I see that a lot around here.
Clearly you have never been to Hoensfeld, Groefenwehr or Wildflicken, in the winter. As we use to say, in song
Oh, there’s no flicken
Like Wildflicken,
It’s like no flicken I know.
Although there was a nice little gasthaus in Groefenwehr town. 16 DM/night, including breakfast when the Mark was four to one. The only posh thing about the East-West border was that it was no place close to the Central Highlands
Its a posh place compared to south-central Fallujah.
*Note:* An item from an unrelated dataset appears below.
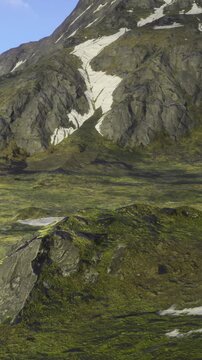 Majestic mountains rise in the background, adorned with patches of snow. Lush green slopes contrast beautifully with rugged rocks, creating a serene and breathtaking natural scene.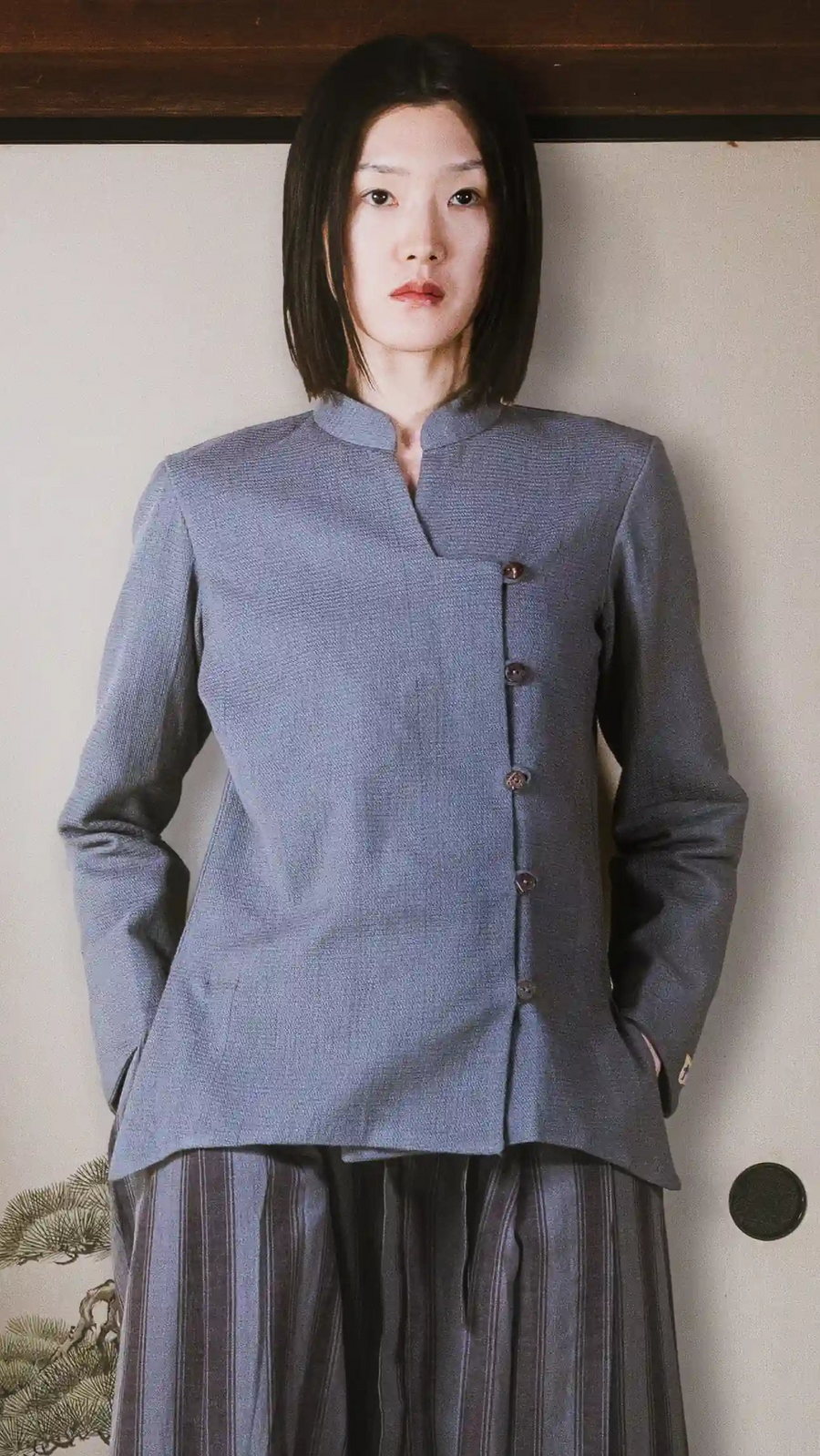 Woman wearing a gray traditional jacket against a plain background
Climatic harshness or not, the US military arent there to occupy anyone.
I find it fascinatng that some people on this board are willing to overlook the horrors the insurgents are committing, and always seem to give the other side the benefit of the doubt, but when it comes to an American soldier, the board erupts in outrage.
But why don’t you listen to what a Marine in Iraq has to say about it:
So did the “story that nobody hears” actually happen? It’s not clear from the link. If insurgents faking injuries to lure marines in close so that they can blow themselves up is a regular tactic, then the marine involved in the shooting has a much stonger case. I haven’t actually heard a case of this happening, though.
Where does it say that induction into the US military removes all criminal elements. History tells us that every army of every nation in any conflict since the beginning of history has had some atrocity commited in one form or another. That is not to say that the entire military force is made up of nothing but murderous criminals. There will always be a percentage of people, whether in the military or civilian, that will be nothing less than bad people. The US is not an exception to that. There were atrocities commited in world war I and II, in Korea and in vietnam. There will be atrocities commited in the future. Harsh lesson? What harsh lesson? That there are a small amount of murderers in the military? Or that people like you like to assume that one bad apple means all apples are bad.
well, that sounds a like a sure trigger to an automatic lookup into snopes.com
I believe the phrase you are looking for is “permanent bases.”
It’ll be interested to see if the US administration is yet ready to give up on that idea.
Well, it sure couldn’t be because we’re supposed to hold the United States (and its servicemen and women) to a higher standard, now would it? :rolleyes:
Why do the Bush-lickin’ apologists feel that “At least we’re not as bad as _____!” is something to be proud of?
And Sam, if you’re looking for testimonials from Iraq veterans, try this one on for size:
Yeah, but he’s in the minority, because Bush has something like 60-70% support among active duty military.
Typical Republican attitude – “You don’t count, since you’re in the minority.” :rolleyes:
But then, what did I expect from a party that thinks a 2% lead is a mandate?